Le campane hanno sempre
esercitato su di me un fascino particolare, carico di significati. Ho sempre
amato quei rintocchi che parlano una lingua universale e hanno la capacità di
chiamare a raccolta la gente nella gioia e nel dolore.
I primi ricordi significativi
che ho sono legati al periodo della mia infanzia, quando le campane erano
ancora una presenza familiare nel cuore della società rurale e contadina del
paese in cui vivevo. I rintocchi provenivano dalla chiesa di San Nicola di
Bari, non lontana dalla nostra casa, sul cui campanile in pietra svettavano – e
tutt’ora svettano - due enormi campane.

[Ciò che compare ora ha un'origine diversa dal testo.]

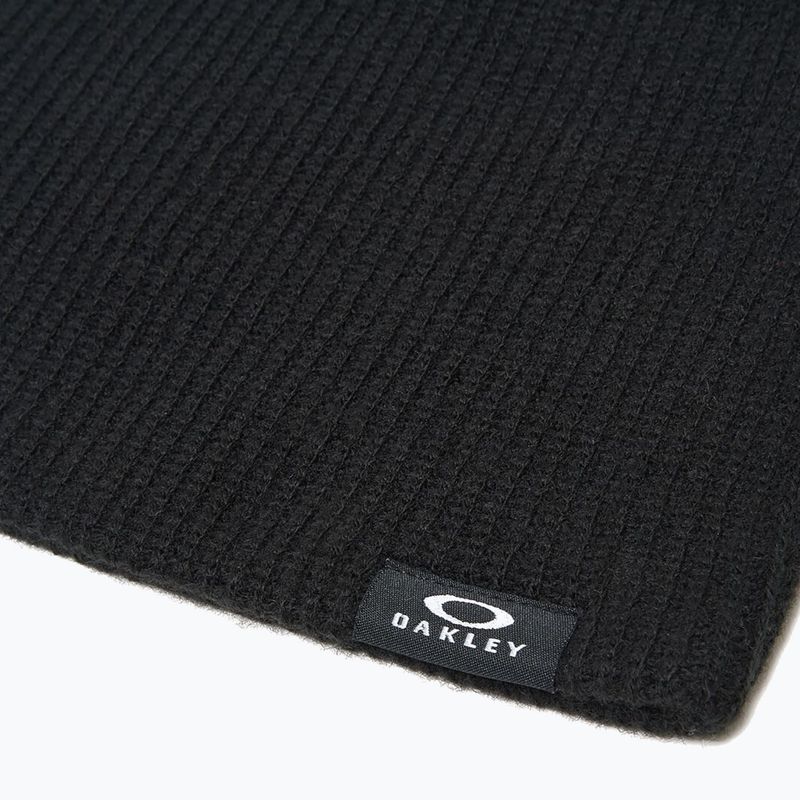 Zimní čepice Oakley Back Bone Beanie blackout 3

Devo dire che, allora, ne ero completamente
affascinato. Ricordo ancora che quando la maestra delle scuole elementari ci
invitava a fare un disegno, sul mio quaderno le campane non mancavano mai. Mi
trasmettevano gioia. Ed ero felice di disegnarle. Le campane non diffondevano
solo un suono, ma erano una voce amica riconosciuta da tutti, che avvisava i
contadini nei campi che era l’ora di fermarsi un momento per consumare il pasto
all’ombra di una quercia, o che era giunta l’ora di tornare nelle proprie abitazioni
per il meritato riposo serale.
Le campane, simbolo
della cristianità, celebravano anche le tappe civili più importanti della vita
comunitaria, eventi lieti e luttuosi dalla nascita alla morte e sancivano lo scorrere del tempo. Suonavano “a
morto”, per annunciare la scomparsa di una persona del paese, e dal numero dei
rintocchi si poteva intuire se si trattava di un uomo o di una donna. Era un
suono lento e malinconico che faceva pensare alla precarietà dell’esistenza. Suonavano
“a martello” nei casi di pericolo, una sequenza di rintocchi rapidi e
insistenti che comunicavano emergenza. E
suonavano “a festa” nelle ricorrenze religiose: un suono a distesa, dal ritmo gioioso
e vivace, pieno e vibrante che invitava ai festeggiamenti. Ricordo che mio
nonno, ogni volta che sentiva le campane, si toglieva il cappello con deferenza
e si faceva il segno della croce. Un gesto di devozione, di ringraziamento. Era
una sorta di balsamo per la sua anima. Un modo per fermarsi un istante a
riflettere con serenità.
Oggi nessuno fa più caso
al suono di una campana, sempreché si possa ancora sentire nel frastuono delle
città in cui viviamo. Alle nuove generazioni è del tutto estraneo quel fascino
mistico che poteva suscitava un tempo. Il rumore, l’insensibilità, l’indifferenza,
le mille distrazioni che abbiamo intorno, le variate condizioni di vita non più
legate ai cicli naturali, hanno ridotto quei rintocchi a suoni privi di
significato, facendo perdere alle campane quella funzione religiosa, sociale e
culturale che aveva nel passato.
Ma la cosa che più mi
rattrista è che in molti paesi le campane - con le loro storie secolari -
stanno scomparendo, o meglio non vengono più suonate perché mancano i
campanari, sostituite da registrazioni e sistemi automatizzati che simulano i rintocchi
tradizionali. “Ma che fine ha fatto oggi questo oggetto così amato e
popolare? – si chiede Enzo Bianchi – Povere campane: da linguaggio
comune, da strumento di comunicazione eccezionale, da “difensori civici”,
quando non sono scomparse del tutto o ridotte al silenzio, vengono trascinate
sul banco degli imputati per inquinamento acustico”.